At Riverview, he will look to continue the successes the school has seen in the past several years under Kelsay’s strong leadership. Riverview has earned an “A” on the annual IDOE report card three out of the last four years.
“I’m thrilled that my first principal position will be at Riverview Elementary; it’s sort of like coming home, since I started my administrative career here, and I know many of the staff, students, and families,” Schwartz said. “At the same time, though, it’s bittersweet. I’m really going to miss the staff and students at Allen. But this opportunity is exactly what I’ve been working toward, and I’m excited to see what this next year brings. I’ll be working closely with Michele to make the transition as smooth as possible, and I want to continue to ensure that the students and staff have every opportunity to succeed.”
Schwartz earned his bachelor’s degree in elementary education at Ball State University, and his master’s degree in elementary education and administrator’s license at Indiana Wesleyan University.

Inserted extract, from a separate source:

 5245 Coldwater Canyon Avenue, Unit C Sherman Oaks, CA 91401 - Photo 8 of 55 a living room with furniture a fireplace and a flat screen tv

Kelsay is taking on a special assignment at the district level, leading literacy, high ability, and the Response to Instruction learning systems across the school corporation. RtI is a system of student-specific interventions and enhancements aimed at tailoring instruction and other services to best meet the needs of each individual student. She will also be playing a role in expanding professional development opportunities and support for teachers across the district.
“While I am very sad to leave Riverview, because I love the families and the staff and will miss them a great deal, it’s exciting that I will still be able to work with them in this new role,” she said. “I am thrilled to be able to focus on literacy and meeting the needs of our students across the board. I am excited about what we are planning for the future, and I look forward to helping shape the system of learning across the Marion Community Schools district.”
Kelsay added that with Schwartz’s promotion, Riverview remains in good hands.
“It’s very reassuring that Mr. Schwartz is coming back,” she said. “He brings so much to Riverview, with his character and his team-based leadership style. I think the staff will be thrilled because they know him and they know what a strong leader he is.”
Lindsay echoed that praise.
“This is a win-win,” he said. “We strengthen our district with Michele, and we continue to strengthen Riverview with Lendon.”